**Task directions**
Take the records below and set down exactly the lines from the one with "Fan Diane sent" to the one with "Our third exercise", ends included; do not copy the pictures.

Stored items:

<<<<

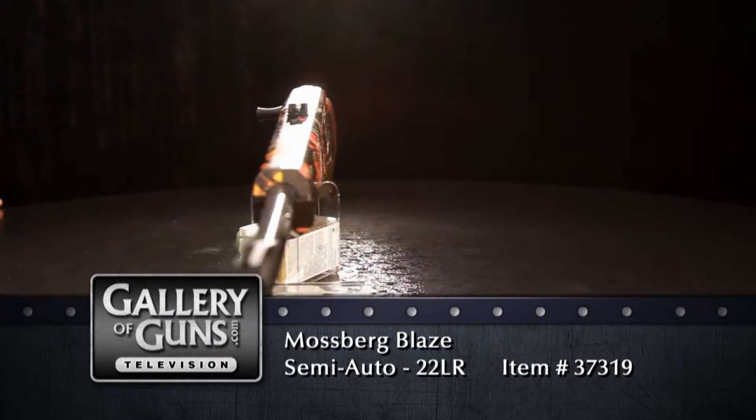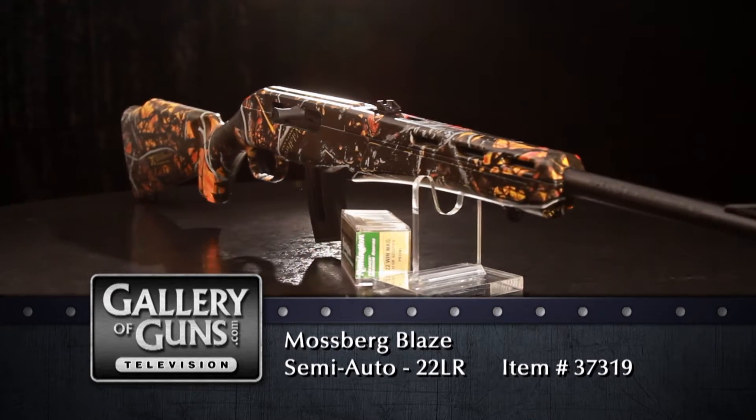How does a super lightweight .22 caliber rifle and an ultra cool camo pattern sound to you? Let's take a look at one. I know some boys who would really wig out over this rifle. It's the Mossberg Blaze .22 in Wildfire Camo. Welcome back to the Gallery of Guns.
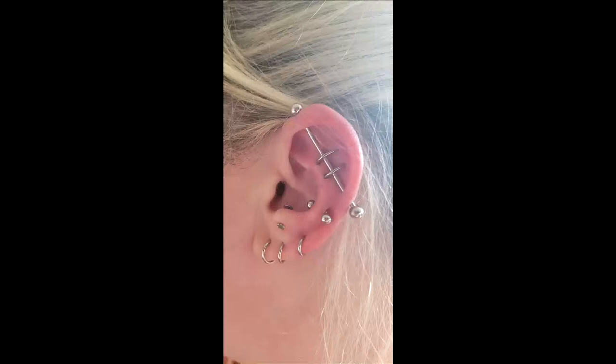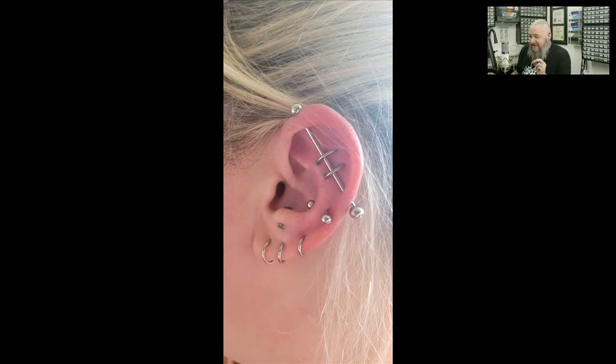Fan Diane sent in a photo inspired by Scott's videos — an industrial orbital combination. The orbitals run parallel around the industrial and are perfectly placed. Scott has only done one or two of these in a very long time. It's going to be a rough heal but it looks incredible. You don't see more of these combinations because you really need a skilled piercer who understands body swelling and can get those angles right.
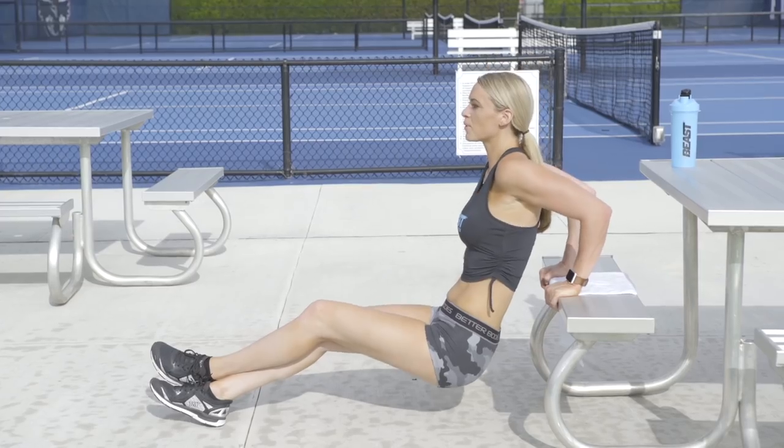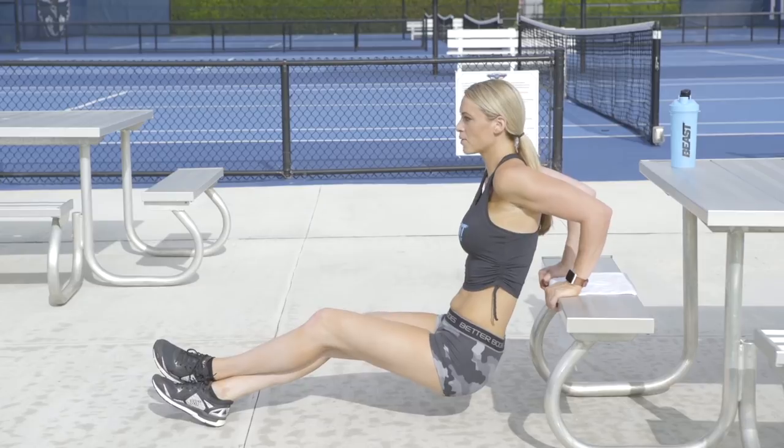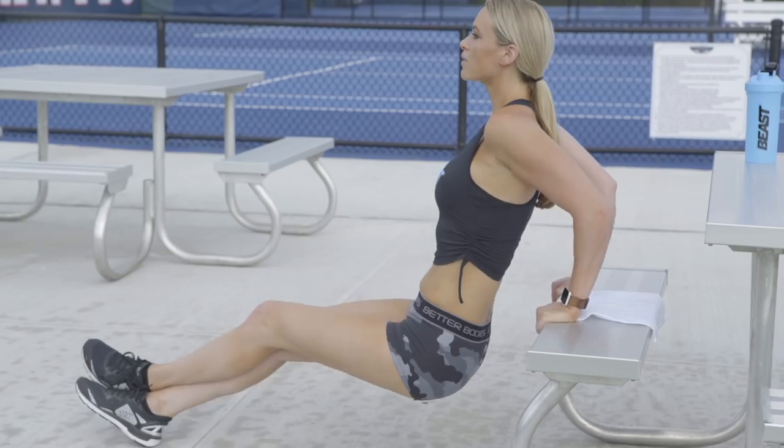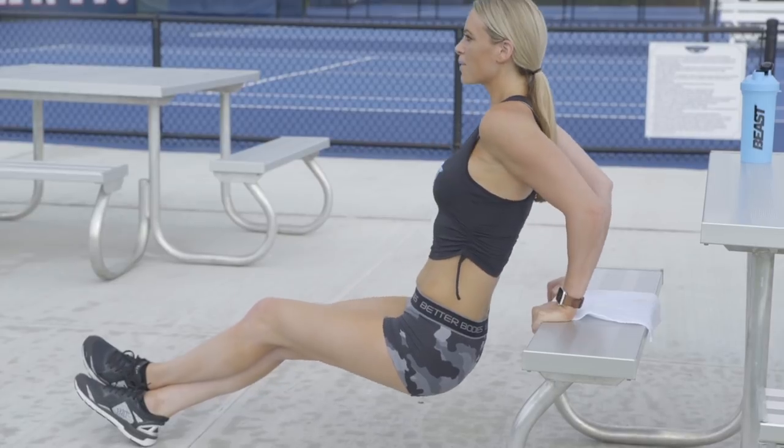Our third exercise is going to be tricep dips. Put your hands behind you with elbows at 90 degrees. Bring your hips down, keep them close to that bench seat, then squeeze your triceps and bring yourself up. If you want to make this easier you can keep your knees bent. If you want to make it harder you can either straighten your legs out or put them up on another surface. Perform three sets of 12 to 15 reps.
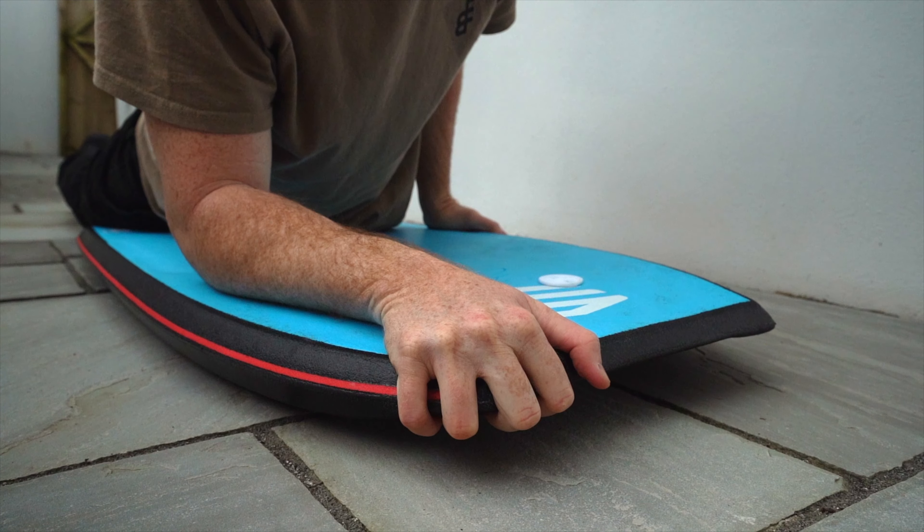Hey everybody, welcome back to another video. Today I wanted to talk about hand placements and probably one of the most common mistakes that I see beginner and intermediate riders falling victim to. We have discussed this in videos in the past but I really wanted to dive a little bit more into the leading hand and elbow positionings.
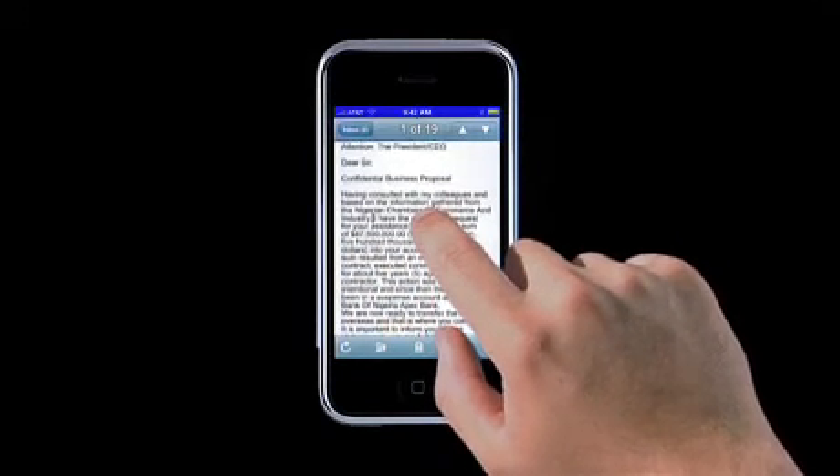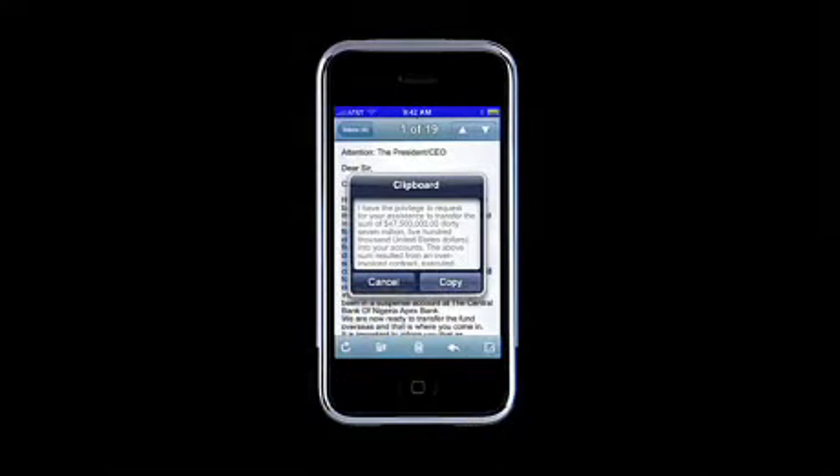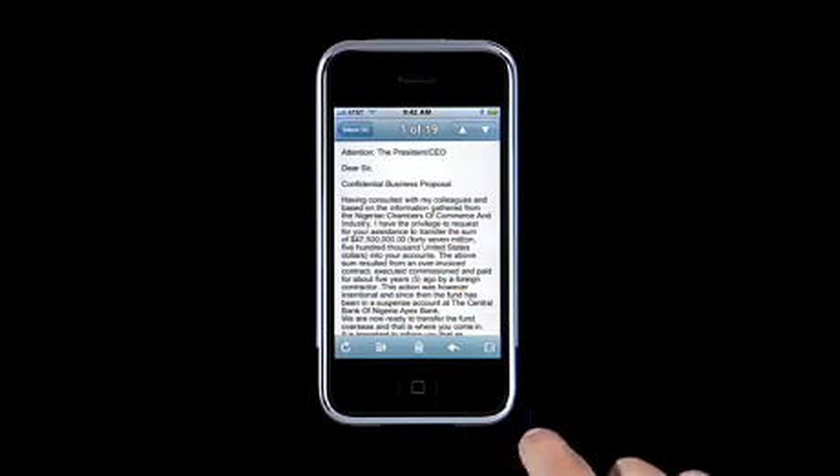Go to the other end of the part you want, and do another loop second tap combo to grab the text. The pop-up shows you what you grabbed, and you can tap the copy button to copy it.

>>>>

**Result of this exercise**
Fan Diane sent in a photo inspired by Scott's videos — an industrial orbital combination. The orbitals run parallel around the industrial and are perfectly placed. Scott has only done one or two of these in a very long time. It's going to be a rough heal but it looks incredible. You don't see more of these combinations because you really need a skilled piercer who understands body swelling and can get those angles right.
Our third exercise is going to be tricep dips. Put your hands behind you with elbows at 90 degrees. Bring your hips down, keep them close to that bench seat, then squeeze your triceps and bring yourself up. If you want to make this easier you can keep your knees bent. If you want to make it harder you can either straighten your legs out or put them up on another surface. Perform three sets of 12 to 15 reps.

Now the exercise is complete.